▶ _PROMPT_:
Repeat the lines from the one containing "Игровой STEM-набор для" through the end of the listing exactly, both ends included. Do not carry over any pictures.

▶ _DATA FOR ANALYSIS_:

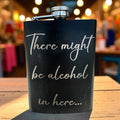 Flask — There might be alcohol in here... Ctrl‑Alt‑Engrave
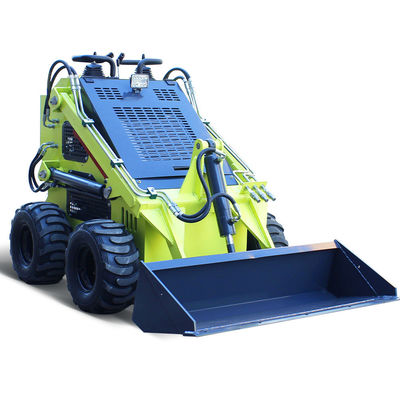 Motor Briggs Stratton Multifuncional Crawler Skid Steer Loader para roda e trilho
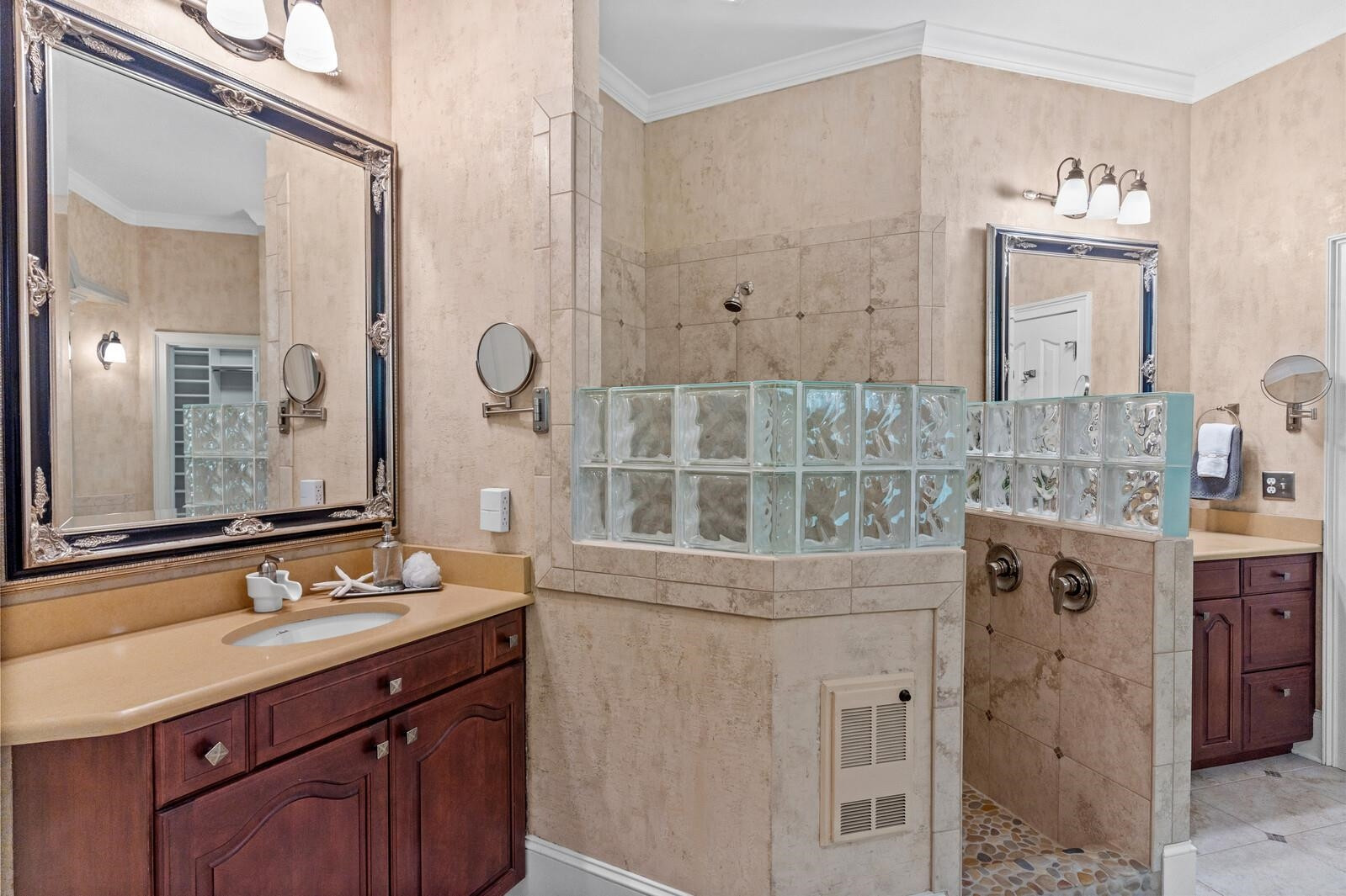 6620 Rest Haven Drive Raleigh, NC 27612 - Photo 27 of 52 Authentic venitian plaster wall treatment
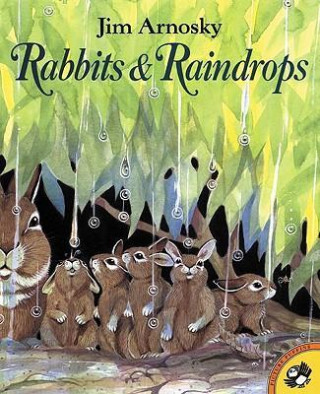 Knjiga Rabbits and Raindrops Jim Arnosky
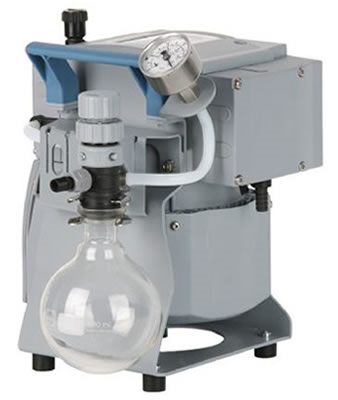VACUUBRAND* MZ2C NT +AK+M+D Dry Chemistry Vacuum Systems from BrandTech Scientific, Inc.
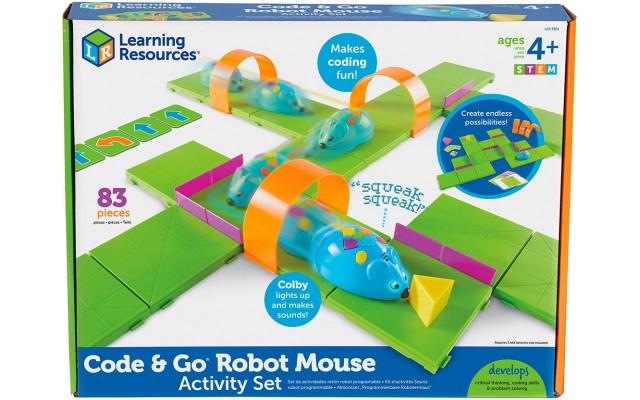 Игровой STEM-набор для программирования Learning Resources Мышка в лабиринте (LER2831)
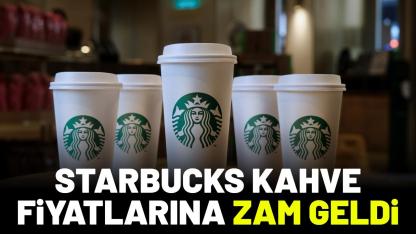 Starbucks'a zam geldi! 2026 Starbucks kahve fiyatları ne kadar?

▶ _RESPONSE_:
 Игровой STEM-набор для программирования Learning Resources Мышка в лабиринте (LER2831)
 Starbucks'a zam geldi! 2026 Starbucks kahve fiyatları ne kadar?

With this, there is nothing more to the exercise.